Pada abad ke-16, tampaknya Aceh
menjadi lebih dominan, terutama karena para pedagang Muslim menghindar dari
Malaka dan memilih Aceh sebagai pelabuhan transit. Aceh berusaha menarik
perdagangan internasional dan antarkepulauan Nusantara. Bahkan, ia mencoba
menguasai pelabuhan-pelabuhan pengekspor lada, yang ketika itu sedang banyak
permintaan.
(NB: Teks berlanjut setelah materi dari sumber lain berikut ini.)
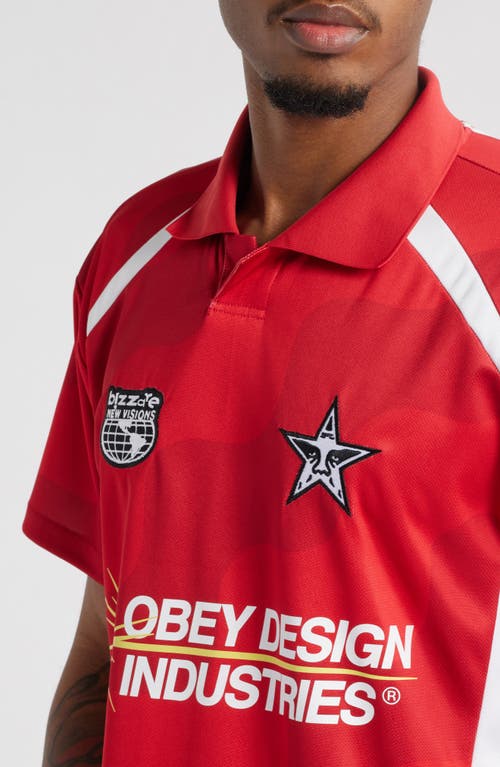 Obey Sonic Vibration Soccer Jersey In Red Multi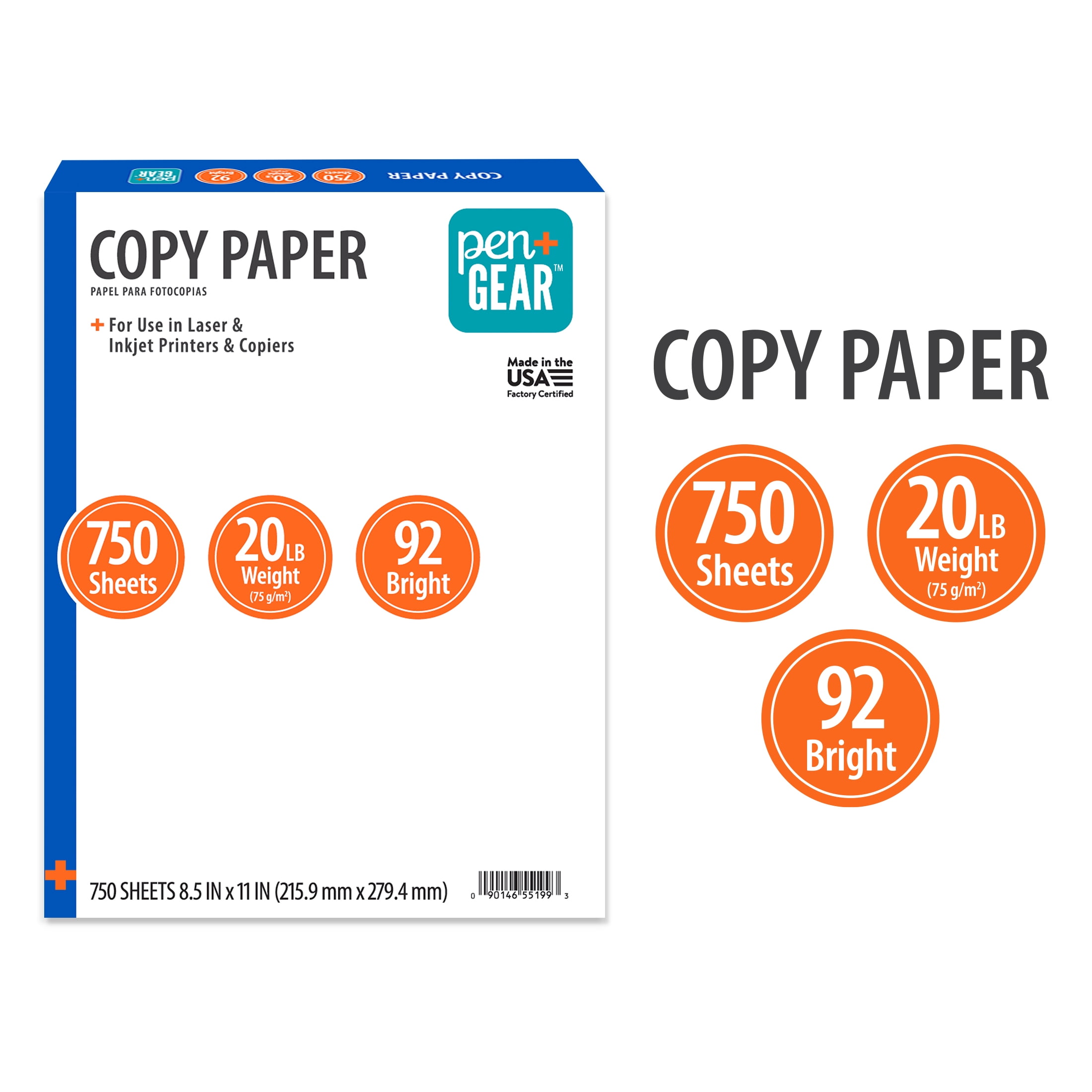 Pen+Gear Copy Paper, White, 8.5" x 11", 20 lb., 92 Bright, 1 Ream (750 Sheets)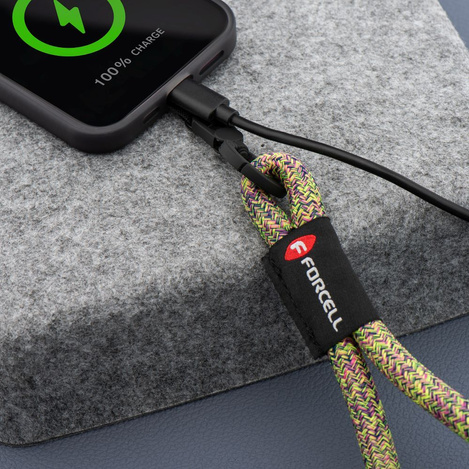 Smycz do telefonu na nadgarstek z regulacją długości Forcell F-Design R10X40 (max 20cm w pętli) zielono różowo fioletowa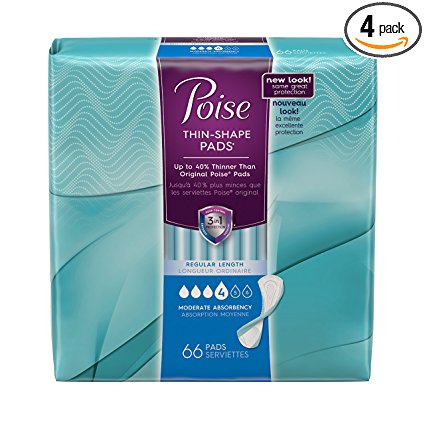 Poise Thin-Shape Incontinence Pads, Moderate Absorbency, Regular, 66 Count (Pack of 4)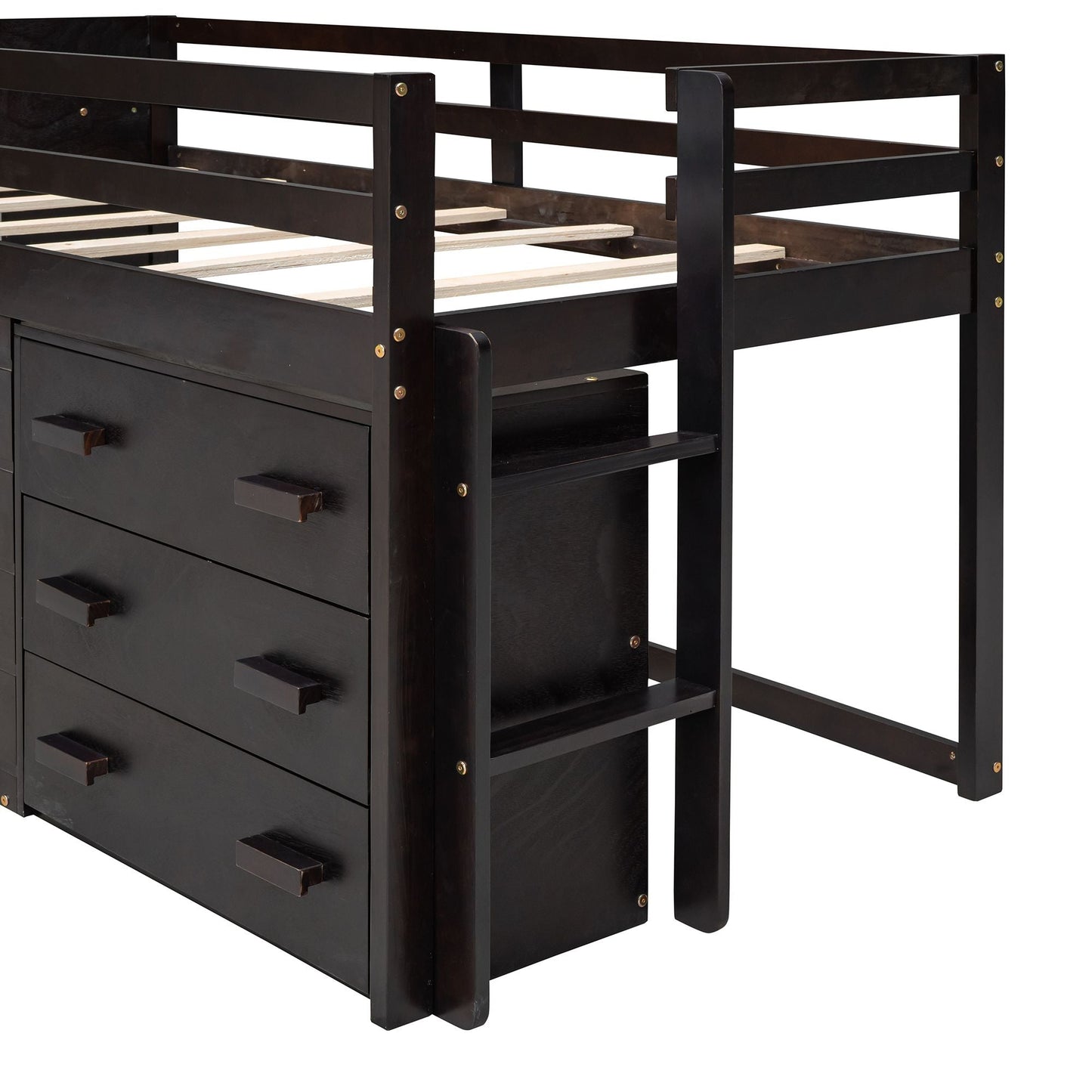 Kids Bedroom Twin Wood Loft Bed with Cabinet and Shelf, White | Just Better Bunk Beds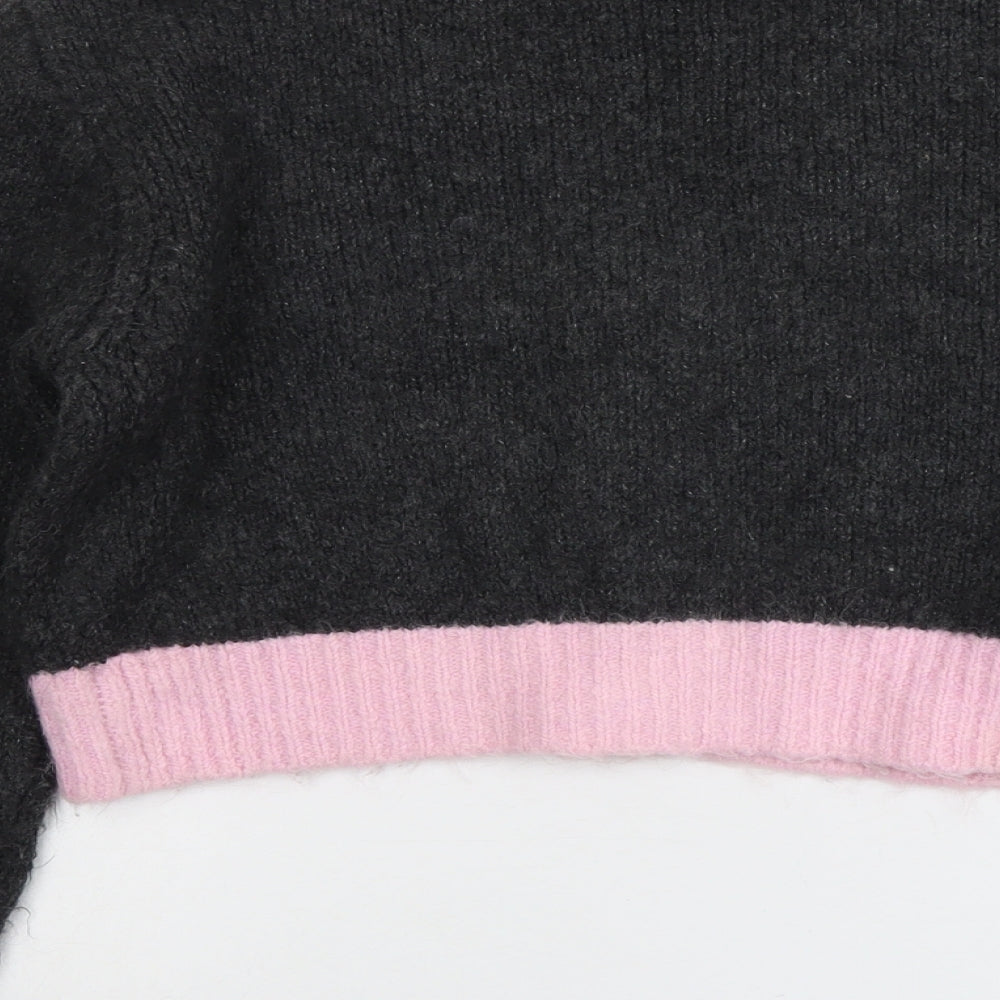 Zara Womens Grey V-Neck Acrylic Cardigan Jumper Size M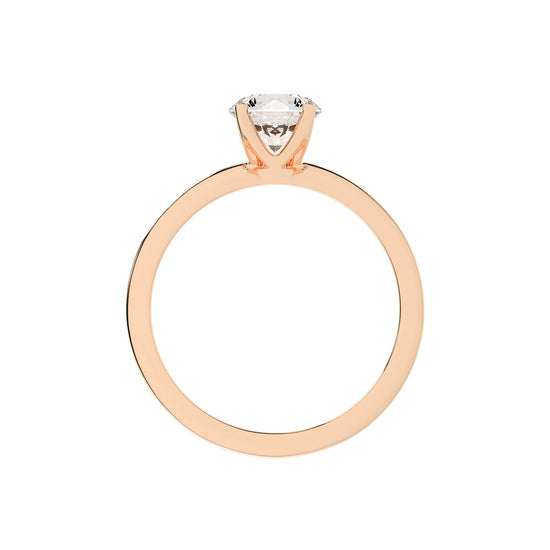 Solique Four Prong Round Cut Solitaire Lab Diamond Ring
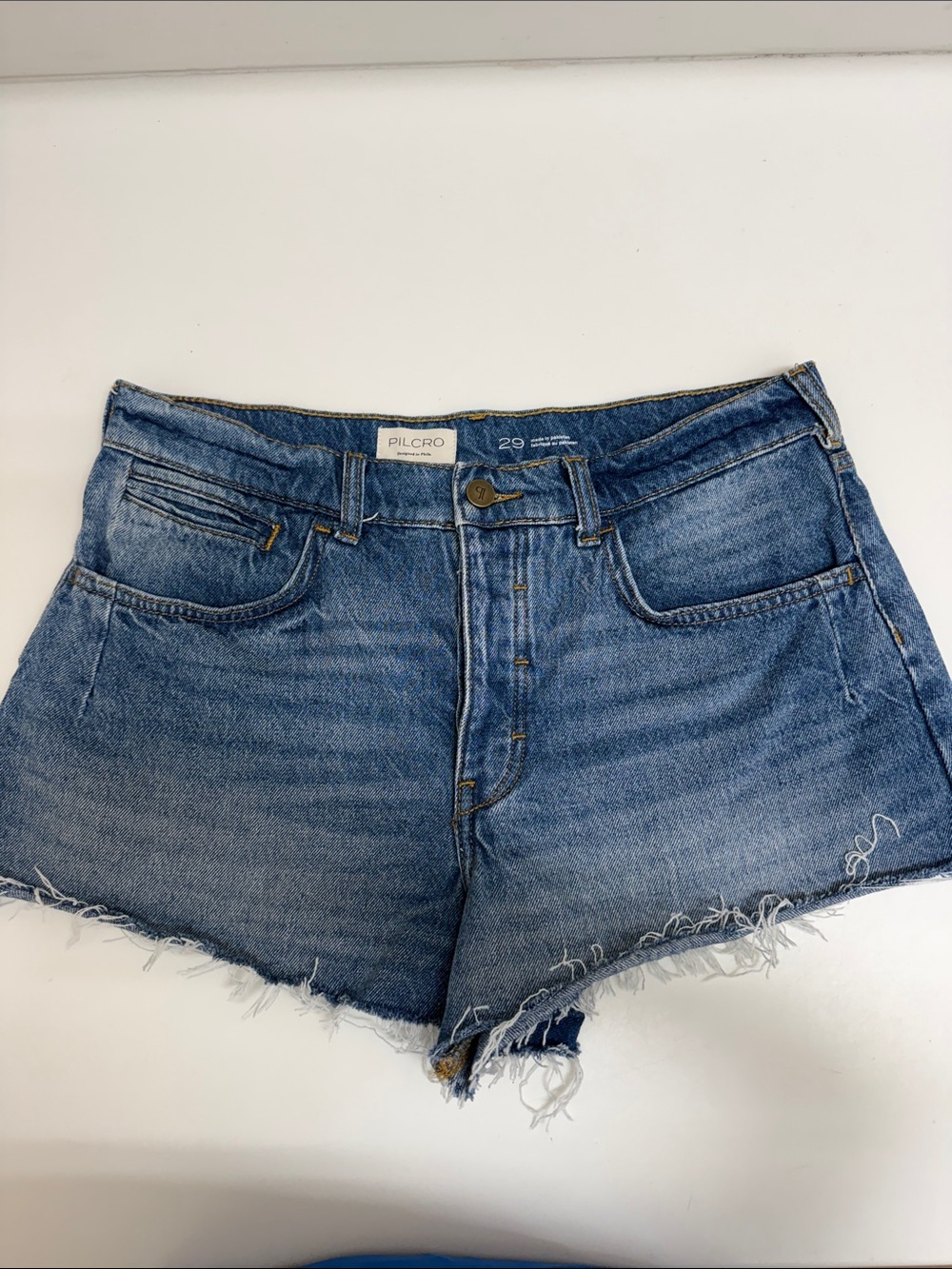 Anthropologie Pilcro Light Blue Distressed Denim Shorts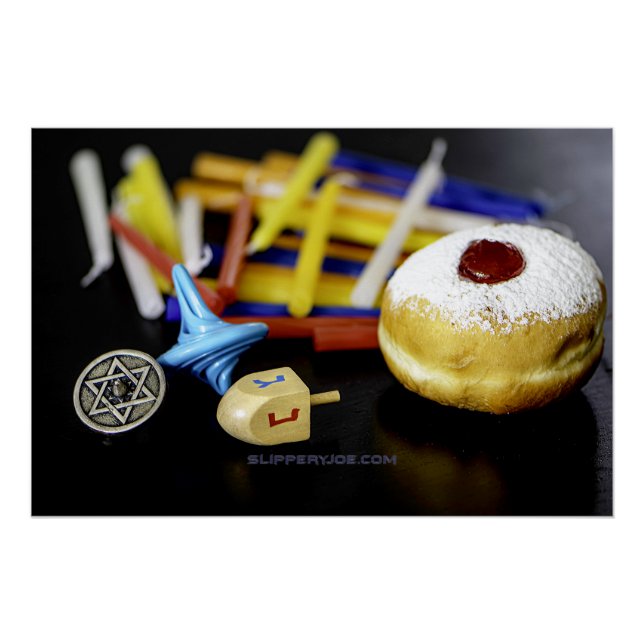 Poster Bonne Hanoukka Star de David menorah Dreidel Slipp (Devant)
Kemenangan Aceh atas Johor, membuat kerajaan terakhir ini pada
tahun 1564 menjadi daerah vassal dari Aceh.
Setelah berhasil menguasai
daerah-daerah di Sumatera bagian utara, Aceh berusaha menguasai Jambi,
pelabuhan pengekspor lada yang banyak dihasilkan di daerah-daerah pedalaman,
seperti Minangkabau dan yang diangkut lewat sungai Idragiri, Kampar, dan
Batanghari. Jambi, yang ketika itu sudah Islam, juga merupakan pelabuhan
transit, tempat beras dan bahan-bahan lain dari Jawa, Cina, India, dan
lain-lain diekspor ke Malaka. Selain itu, ekspansi Aceh ketika itu berhasil
menguasai perdagangan pantai barat Sumatera dan mencakup Tiku, Pariaman, dan
Bengkulu.
Pada saat itu, Aceh emang sedang
berada pada masa kejayaannya di bawah kepemimpinan Sultan Iskandar Muda.
Iskandar Muda wafat pada usia 46 tahun pada 27 Desember 1636. Ia digantikan
oleh Sultan Iskandar Tsani. Setelah ia meninggal dunia, 15 Pebruari 1641, Aceh
secara berturut-turut dipimpin oleh tiga orang wanita selama 59 tahun. Ketika
itulah, Aceh mulai mengalami kemunduran. Daerah-daerah yang dulu berada di
bawah kekuasaannya mulai memerdekakan diri.
Meski sudah jauh menurun, Aceh masih
bertahan lama menikmati kedaulatannya dari intervensi kekuasaan asing. Padahal
kerajaan-kerajaan Islam lainnya, seperti Minangkabau, Jambim Riau, dan
Palembang tidak demikian.
Di Jawa, pusat kerajaan Islam sudah
pindah dari pesisir ke pedalaman, yaitu dari Demak ke Pajang kemudian ke
Mataram. Berpindahnya pusat pemerintahan itu membawa pengaruh besar yang sangat
menentukan perkembangan sejarah Islam di Jawa, di antaranya adalah:
1. Kekuasaan dan sistem
politik didasarkan atas basis agraris,
2. Peranan daerah pesisir dalam
perdagangan dan pelayaran mundur, demikian juga peranan pedagang dan pelayar
Jawa,
3. Terjadinya pergeseran pusat-pusat
perdagangan dalam abad ke-17 dengan segala akibatnya.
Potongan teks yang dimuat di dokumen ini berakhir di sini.